Having said that, society can also be a demonic snare, particularly for Christians. Societal concerns are important, but for Christians, they should not be primary — especially in light of what transpired four years ago and everything that has happened since. When Christians make society their overarching concern now, they slip away from Christianity and enter the realm of what might be called Societianity with its incessant and obsessive focus on “communities.”
It bears keeping in mind that our current and often obsessive focus on all things social stems mostly from, Auguste Comte, the father of Positivism, and others of his ilk. Some say Comte even coined the term sociology, which is relevant when you consider how much time bloggers spend studying and commenting on society.
I am not implying that people did not think about, study, or write about society before Auguste Comte; however, when they did, they did so from assumptions that included belief in religion, divinity, and the supernatural. The same is not true of Comte and most so-called sociologists of the past two or three centuries.
Why is this important? For the simple reason that a great deal of secular — nay, explicitly anti-God, anti-Creation — sociological thinking, tenets, and assumptions permeate contemporary Christian social commentary on human social behavior, organization, relationships, power structures, and so forth.
Such permeations are most explicit in so-called Christian approaches that regard human society as the most important and pressing thing in the world, with the establishment and maintenance of an exclusively Christian society as the highest calling to which a Christian can aspire in mortal life.
Justifications for the “society uber alles” approach in contemporary Christianity are based primarily on ideas like demography is destiny. All quite sound and logical, but it is worth noting that Auguste Comte is credited with the demography is destiny phrase.
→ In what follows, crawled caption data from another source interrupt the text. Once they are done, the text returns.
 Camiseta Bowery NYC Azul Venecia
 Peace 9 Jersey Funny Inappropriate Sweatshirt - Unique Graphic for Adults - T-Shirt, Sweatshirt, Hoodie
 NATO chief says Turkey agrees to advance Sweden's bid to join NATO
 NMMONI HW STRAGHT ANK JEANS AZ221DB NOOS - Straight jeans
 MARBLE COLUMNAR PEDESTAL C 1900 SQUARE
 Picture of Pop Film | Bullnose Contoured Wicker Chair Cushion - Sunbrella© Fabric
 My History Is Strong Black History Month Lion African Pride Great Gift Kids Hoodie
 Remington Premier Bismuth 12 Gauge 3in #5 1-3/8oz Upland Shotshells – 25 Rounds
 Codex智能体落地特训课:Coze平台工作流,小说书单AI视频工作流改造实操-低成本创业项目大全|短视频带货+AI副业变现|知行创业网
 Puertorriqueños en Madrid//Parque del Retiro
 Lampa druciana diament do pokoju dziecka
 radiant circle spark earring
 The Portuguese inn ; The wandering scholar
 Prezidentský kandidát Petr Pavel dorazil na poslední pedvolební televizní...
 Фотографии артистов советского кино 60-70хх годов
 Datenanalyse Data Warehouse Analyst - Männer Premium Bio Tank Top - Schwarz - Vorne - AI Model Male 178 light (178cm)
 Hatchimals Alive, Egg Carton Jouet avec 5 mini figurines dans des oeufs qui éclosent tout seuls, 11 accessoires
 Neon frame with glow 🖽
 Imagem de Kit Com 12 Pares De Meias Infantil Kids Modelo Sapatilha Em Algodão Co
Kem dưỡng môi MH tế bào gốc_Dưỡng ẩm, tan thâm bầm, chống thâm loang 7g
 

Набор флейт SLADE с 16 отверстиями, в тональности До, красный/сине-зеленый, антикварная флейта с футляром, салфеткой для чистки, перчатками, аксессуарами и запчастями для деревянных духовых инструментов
Even if he didn’t utter it, you can rest assured that someone with assumptions similar to his did.
So, if or when Christians feel motivated to discuss the effects of declining, sub-fertile populations and mass migration on once predominately Christian nations, they must do so from assumptions that rise above Comte’s materialism when he coined the term.
Sadly, the assumptions Christians communicate when discussing demography or any other society-related issue rarely rise above such basic positivist assumptions.